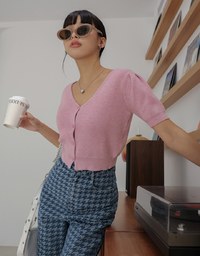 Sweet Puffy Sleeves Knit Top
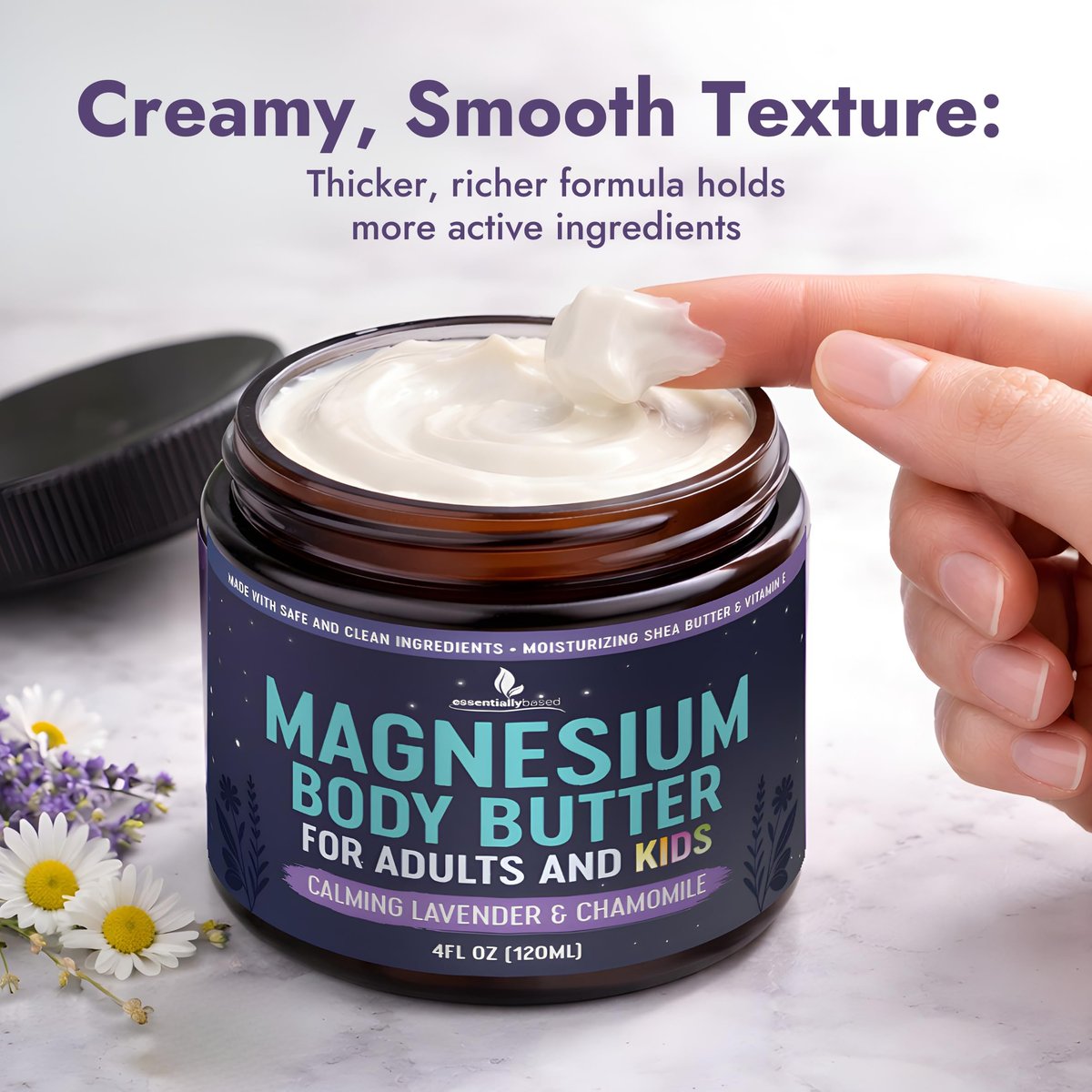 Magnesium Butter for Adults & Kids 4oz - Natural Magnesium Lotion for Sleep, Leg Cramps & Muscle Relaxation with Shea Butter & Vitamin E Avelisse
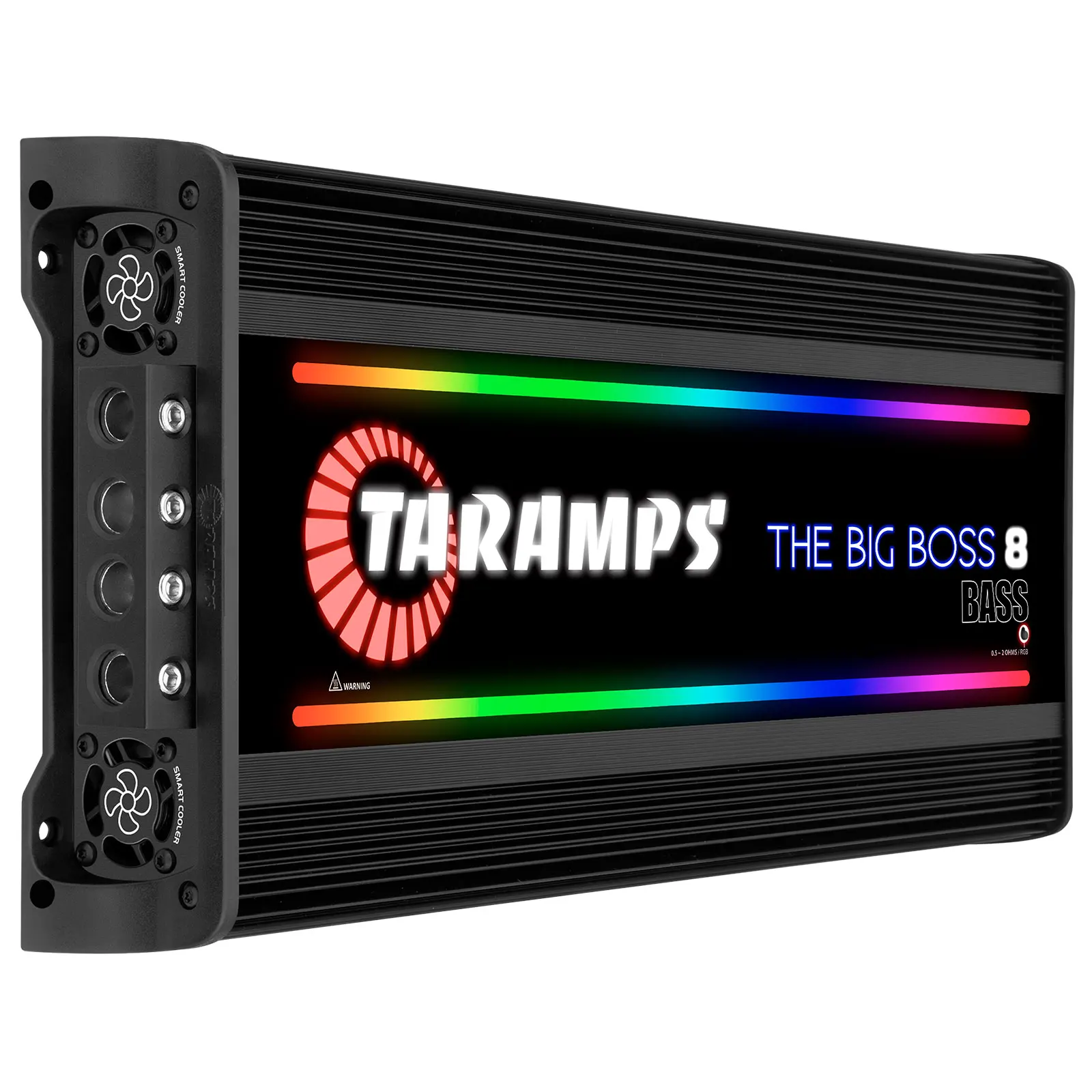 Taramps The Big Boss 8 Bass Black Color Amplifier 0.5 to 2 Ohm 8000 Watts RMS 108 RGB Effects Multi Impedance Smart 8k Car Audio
● ● ● ●
• _WHAT THE EXERCISE ASKS_
Each line above should be returned exactly as it stands, minus any pictures.

• _TASK RESULT_
 Sweet Puffy Sleeves Knit Top
 Magnesium Butter for Adults & Kids 4oz - Natural Magnesium Lotion for Sleep, Leg Cramps & Muscle Relaxation with Shea Butter & Vitamin E Avelisse
 Taramps The Big Boss 8 Bass Black Color Amplifier 0.5 to 2 Ohm 8000 Watts RMS 108 RGB Effects Multi Impedance Smart 8k Car Audio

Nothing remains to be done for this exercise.